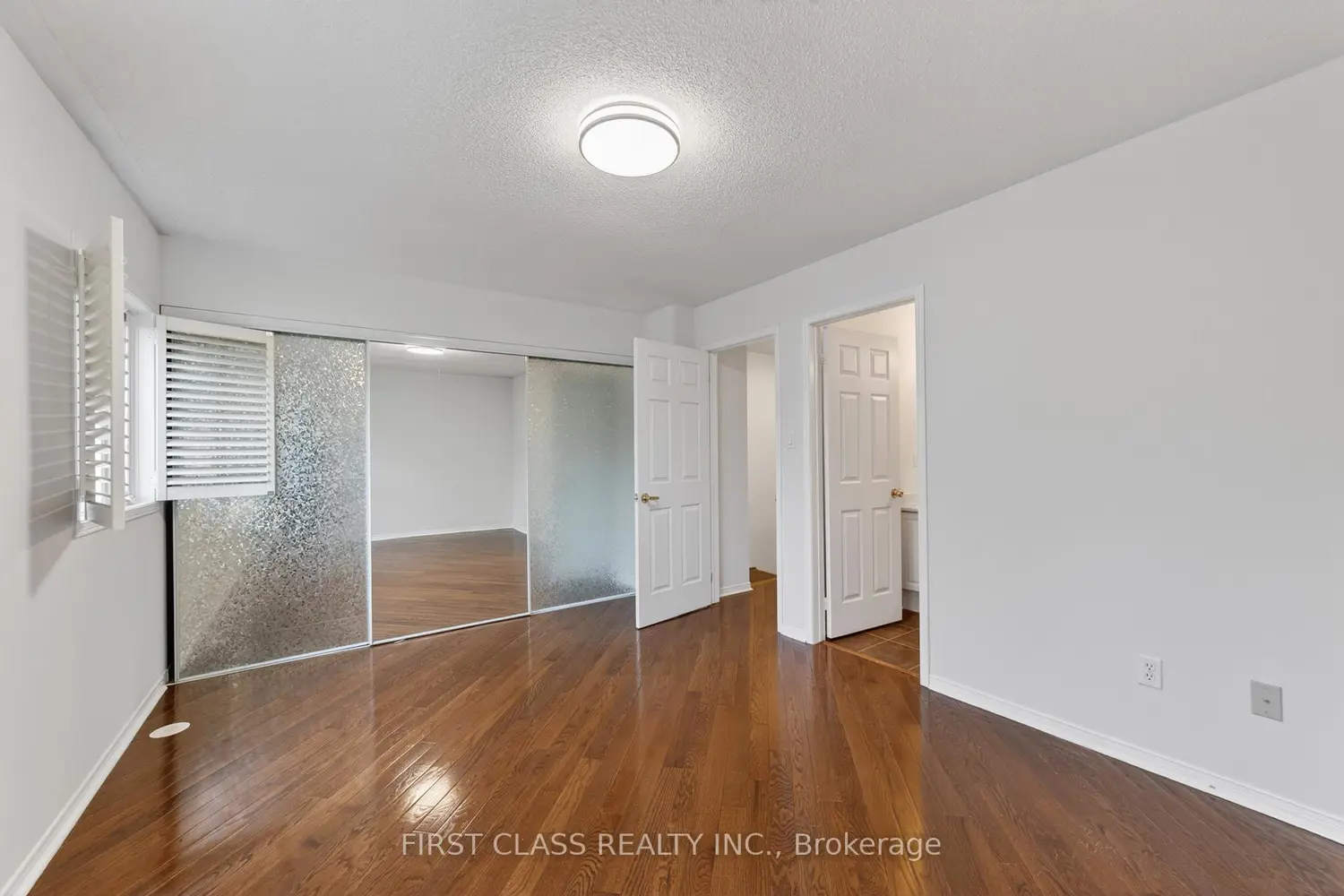 Additional image 11 of 3076 Lake Shore Boulevard Th10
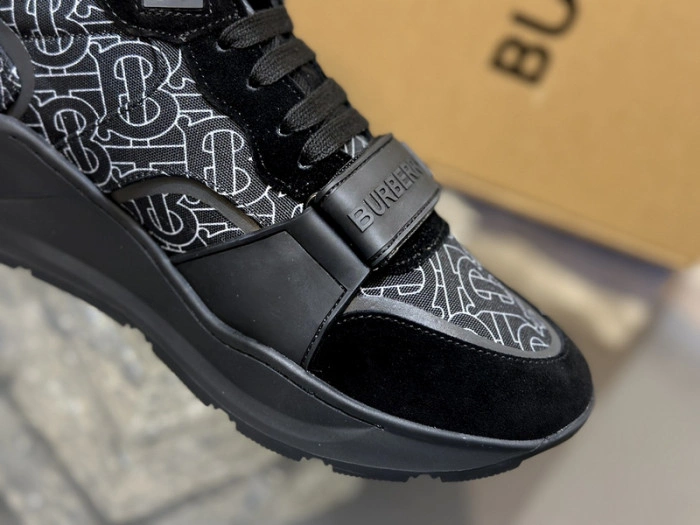 Burberry-Vintage Sneaker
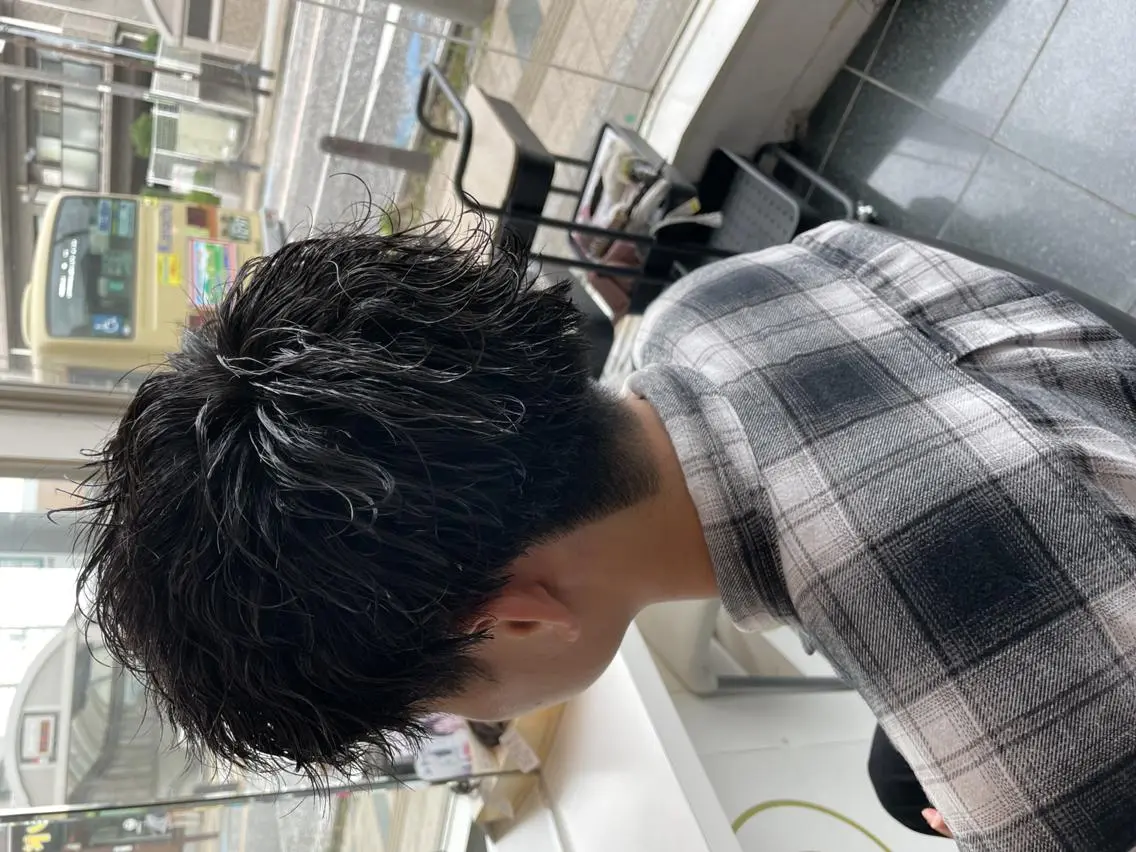 ショート パーマ メンズ カット パーマ 💇🏻‍♂️パーマ ニキ✨本田龍斗のヘアスタイル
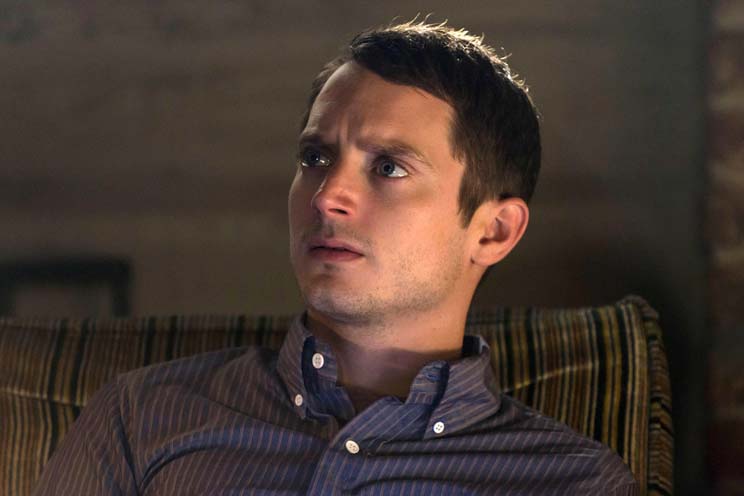 El actor Elijah Wood denuncia la pedofilia organizada en Hollywood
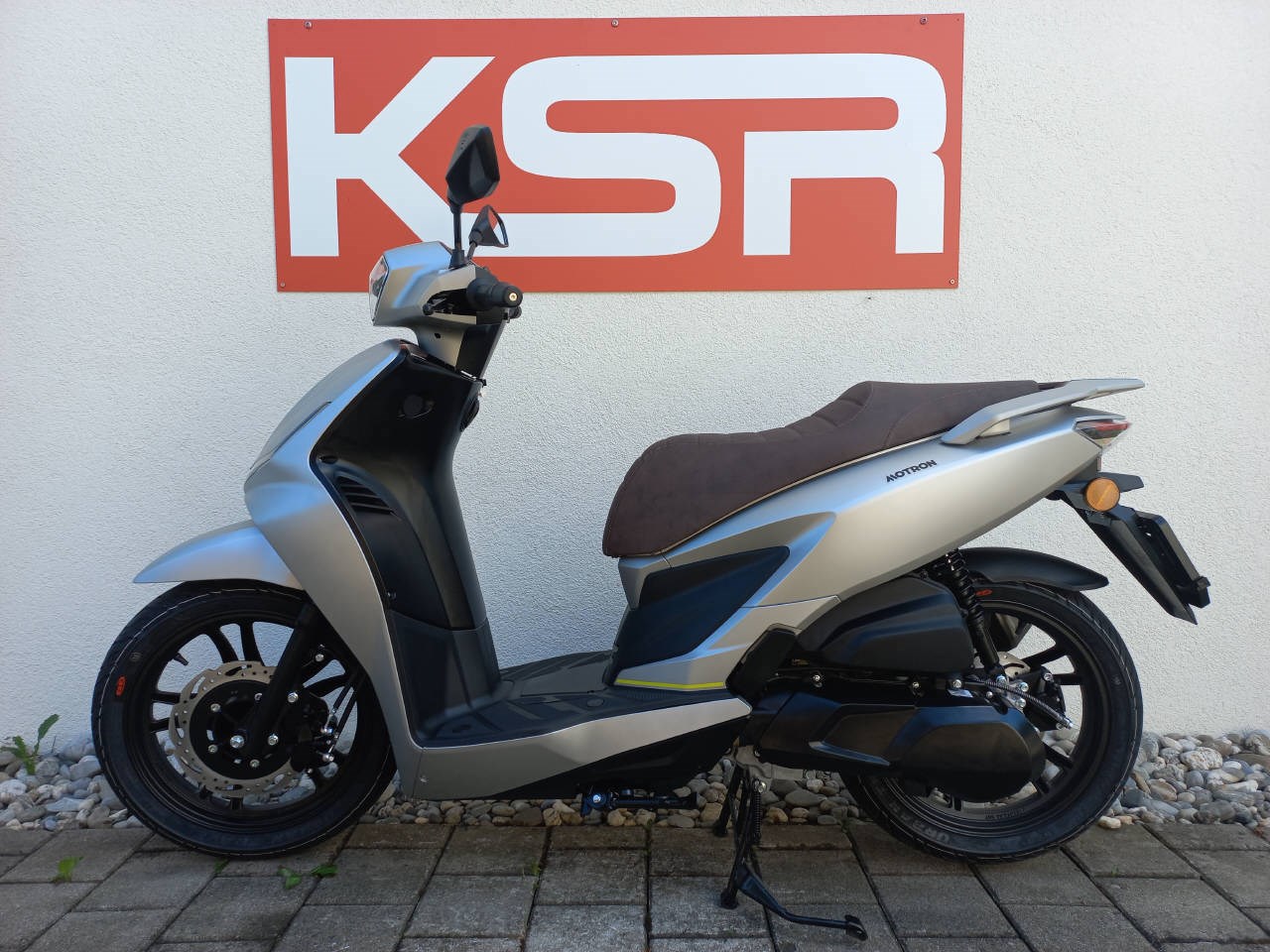 MOTRON VENTURA 125-showroom-element-1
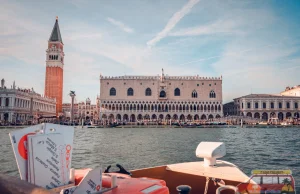 Tani sposób na zwiedzanie Wenecji z wody - komunikacją miejską po Canal Grande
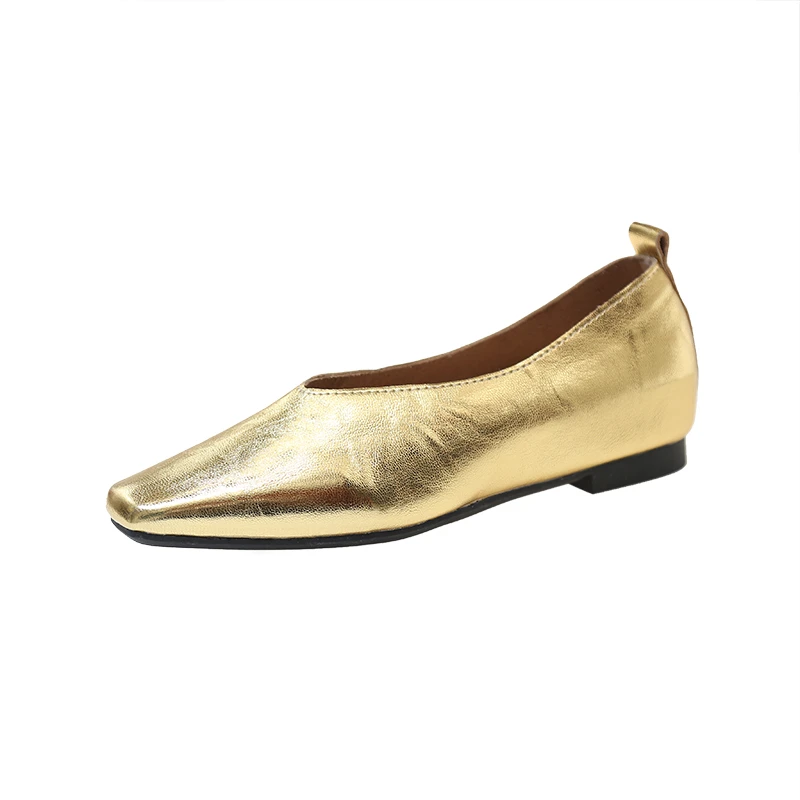 Damen-Ballerinas mit eckiger Zehenpartie, V-Ausschnitt, aus weichem Leder, zum Hineinschlüpfen, in Metallic-Gold- und Silberfarben, für das Büro. – Detail 14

● **Required work**: Nothing but the lines from the one that contains "MOTRON VENTURA 125-showroom-element-1" through the last line of the records belongs in the answer, reproduced exactly, with no pictures.

● **Exercise output**:
 MOTRON VENTURA 125-showroom-element-1
 Tani sposób na zwiedzanie Wenecji z wody - komunikacją miejską po Canal Grande
 Damen-Ballerinas mit eckiger Zehenpartie, V-Ausschnitt, aus weichem Leder, zum Hineinschlüpfen, in Metallic-Gold- und Silberfarben, für das Büro. – Detail 14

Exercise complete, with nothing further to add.